BookmarkSubscribeRSS Feed
righcoastmike
Quartz | Level 8

Hi All, 

 

I posted a similar question a little while ago, but I think I can articulate the problem better now so I thought I'd try again. I've managed to pick myslef a doozy of a model, and I'm hoping that someone can give me some insight. I'm running a regression on a population of approximately 75,000 individuals with a total of approximately 150,000 total records (multiple records per individual) . These individuals are also nested within postal codes.

 

here's the code I'm running:

 

proc glimmix data=(data) ic=q;
class Postal_code study_id catvar1 catvar2 catvar3;
model (binary outcome variable) = catvar1 catvar2 catvar3 fixedvar1.....fixedvar20 / offset=logexposure solution dist=possion link=log ddfm=satterthwait;
random intercept / solution subject=postal_code ;
random _residual_ / solution subject=study_id(postal_code) ;
covtest/ wald;
nloptions tech=nrridge;
run;


 A couple of notes:

1. I'm runnining _residual_ on the second random intercept statement because I kept getting memory errors with the "intercept command" I'm guessing it's because I have so many levels in the patient_id class. I think this should be fine, but I'm open to other solutions. 

 

2. The model actually converges fine without the offset, but as soon as I include it something breaks and I no longer have convergence. 

 

I've been struggling to get this right for over a week now. Any insight into a) whether the _residual command is a legit way to get around the memory issues, or b) why the offset might be affecting convergence would be very much appreicated. 

 

Thanks so much. 

 

Mike 

5 REPLIES 5
sld
Rhodochrosite | Level 12 sld
Rhodochrosite | Level 12

For those who are interested, the previous post is here:https://communities.sas.com/t5/SAS-Statistical-Procedures/Does-this-PROC-GLIMMIX-Code-make-sense/m-p...

 

Something old/something new thoughts:

 

1. I still don't think the second RANDOM statement is appropriate.

 

2. If the response variable is binary, why specify DIST=POISSON instead of BINARY? I'm guessing that the response variable is actually a count?

 

3. Have you tried using study_id as a continuous variable with the dataset sorted appropriately?

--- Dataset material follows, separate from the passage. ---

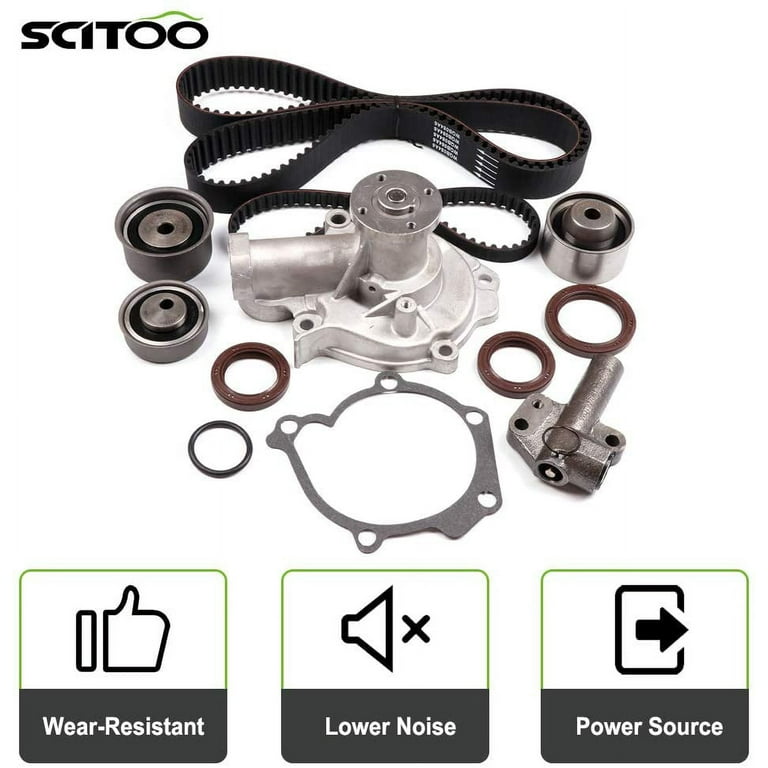 Timing Belt Kit Water Pump For 06-12 Hyundai Santa Fe For Kia Optima 2.7L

If so, how did that work out? I'm actually quite curious about that....

 

4. Have you tried METHOD=LAPLACE on the PROC GLIMMIX statement? Sometimes that option gives me convergence when I didn't have it before; sometimes it provides awful results. 

 

5. If the response variable is a count, perhaps it does not follow a Poisson distribution. Overdispersed? Zero-altered? 

 

righcoastmike
Quartz | Level 8
Hi sld,

Thanks for sticking with me on this one, so far no luck, here’s where we’re at:

1. I still don't think the second RANDOM statement is appropriate.
I was doing some research about this and came up with the following:
"Alternatively, for a random intercept model, the equivalent model can be specified using the REPEATED statement rather than the RANDOM statement. The REPEATED statement is less memory intensive than the RANDOM statement, especially when there are many levels of the SUBJECT= effect. In PROC GLIMMIX, you specify a repeated structure by adding the _RESIDUAL_ or RSIDE keyword to the RANDOM statement”
(SOURCE: http://support.sas.com/resources/papers/proceedings12/332-2012.pdf). I think it should be OK, but if you see something I don’t your thoughts would be much appreciated.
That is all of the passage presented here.